Cruise and Jake Johnson play an unlikable pair of opportunists who uncover an Egyptian tomb after blasting away at enemy soldiers in Iraq (yes, this is set in modern day and shoe horns the Middle Eastern conflict into the story. It gets worse). Once the mummified, supernatural Ahmanet (played by Sophia Boutella, very good under the circumstances) reawakens, she places a curse on our “heroes” and sucks the life out of victims by kissing them to death. Also, Dr. Henry Jekyll (played by Russell Crowe) has a secret fortress full of monsters he’s collecting, dissecting and resurrecting. At one point, Cruise actually tells the Mummy that he’s just not that into her, literally.
Behold, the directorial debut of Alex Kurtzman, the screenwriter responsible for “Transformers: Revenge of the Fallen,” “Cowboys and Aliens” and “The Amazing Spider-Man 2.” Imagine a “Transformers” movie without any Transformers but all the hammy acting, terrible dialog, indifferent ‘splosions, hollow CGI and nonsensical plotting intact. Kurtzman’s rushed action sequences whisk by and barely register.

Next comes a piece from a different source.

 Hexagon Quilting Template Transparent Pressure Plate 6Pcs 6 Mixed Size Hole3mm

The opening scenes are extremely clumsy, as flashbacks are narrated by Crowe and shown repeatedly, as though the filmmakers feared we couldn’t keep up. Key bits from “An American Werewolf in London,” “Life Force,” “Raiders of the Lost Ark,” and “Unbreakable” are stolen and badly duplicated.

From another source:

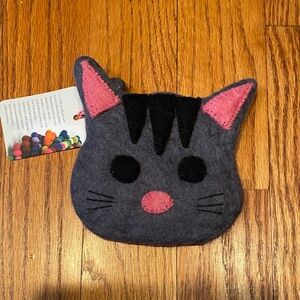 Cute Cat Felt Pouch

Here is Universal Studios’ highly publicized bid at franchise building, their so-called “Dark Universe.” The only universe this seems to take place in is one where Cruise’ career took a horrible wrong turn. Imagine if Cruise had skipped making “Rain Man” and took over for Steve Guttenberg as the star of the “Police Academy” sequels. That is the Tom Cruise of this movie, tossing out awful one-liners, literally throwing himself into an unending train of fight scenes and coming off as alarmingly foolish. Cruise is always game but here, he comes across like one of those musicians on the Titanic who kept playing as the ship sank. You admire his total professionalism but wonder, what the hell are you doing here? The last time I saw a mega-movie star in such an amusingly ill-chosen project, it featured Matt Damon sporting Fabio hair and battling giant lizard monsters. This is by far the lousiest movie Cruise has ever been in (and yes, I’ve seen “Cocktail”).

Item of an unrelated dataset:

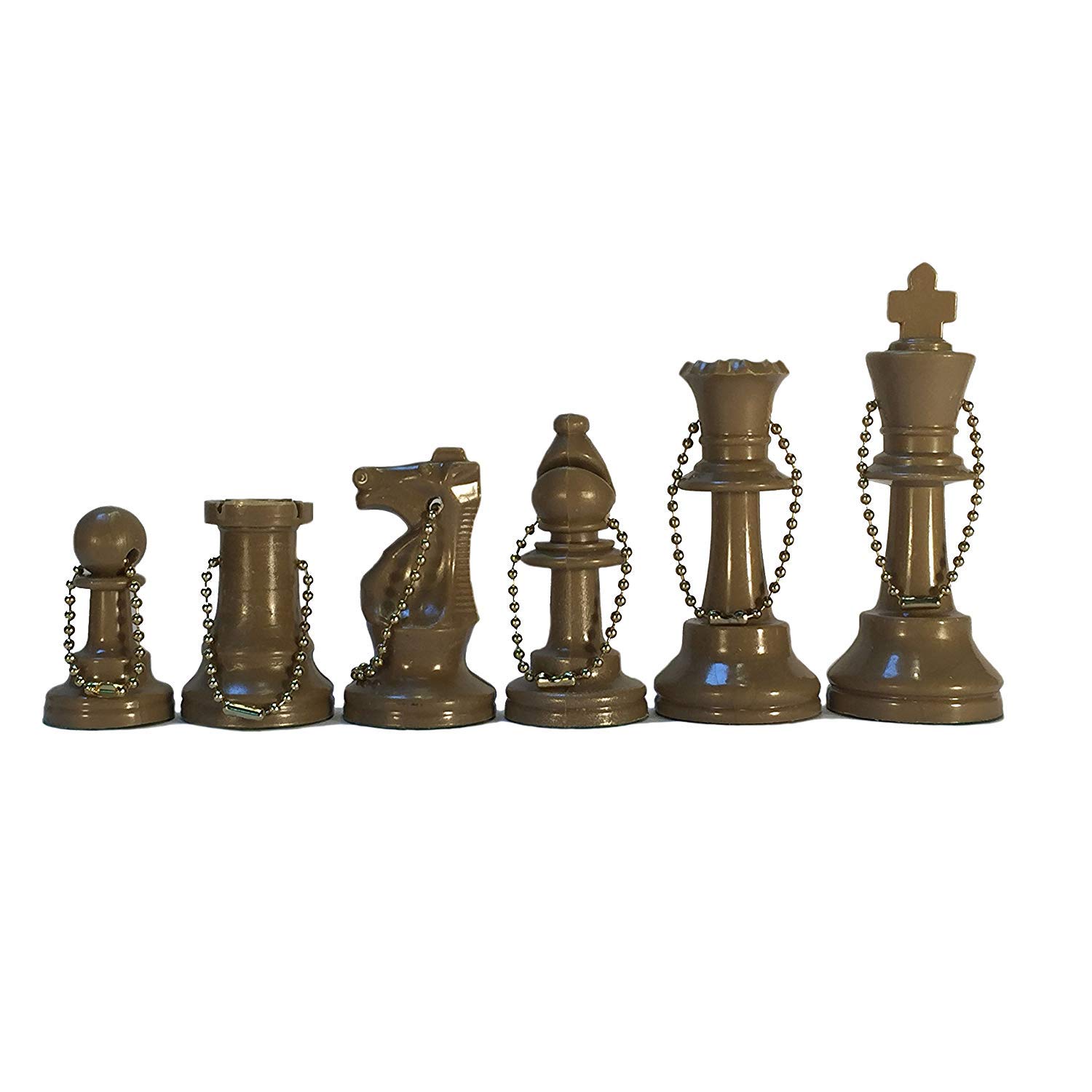 Amazon.com: WE Games Bulk Keychain Chess Set, 17 Gold Plastic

Far worse is Crowe, in an overly self satisfied turn. Crowe’s Hyde isn’t terrifying, nor is anything else in this scare-free horror film. Johnston apparently studied at the Charlie Day School of Annoying Sidekicks and gives arguably the most grating performance. The credits reveal three editors and six screenwriters, a tell tale sign of too many cooks setting the kitchen aflame. Meanwhile, Brian Tyler’s snooze-inducing score mutes the impact of the big set pieces.
The one great scene is an elaborate plane crash, with its Zero-G acrobatics and the sight of a terrified Cruise plummeting to the ground (a sharp contrast from his jet dangle in the most recent “Mission: Impossible”).
Among the dozens of countless unintentionally funny scenes, my favorite is a chase where Cruise out-swims an army of the undead, who pursue him underwater. I’d like to suggest that the filmmakers knew how funny much of this is but the intentional comedy bits are cringe worthy.
Yes, the Brendan Fraser 1999-2008 trilogy of the same name are all better Mummy movies, but so is “The Monster Squad.” In fact, the troubled but enjoyable Benicio Del Toro starring “The Wolf Man” from 2010 is also far superior example of what this movie should have been.
The attempt at making “The Mummy” a sequel factory movie seems as unlikely as last summer’s botch of a “Ghostbusters” remake. The best thing about this is that it’d make a hilarious double feature with “The Great Wall.” Cruise and Damon need to fire their agents.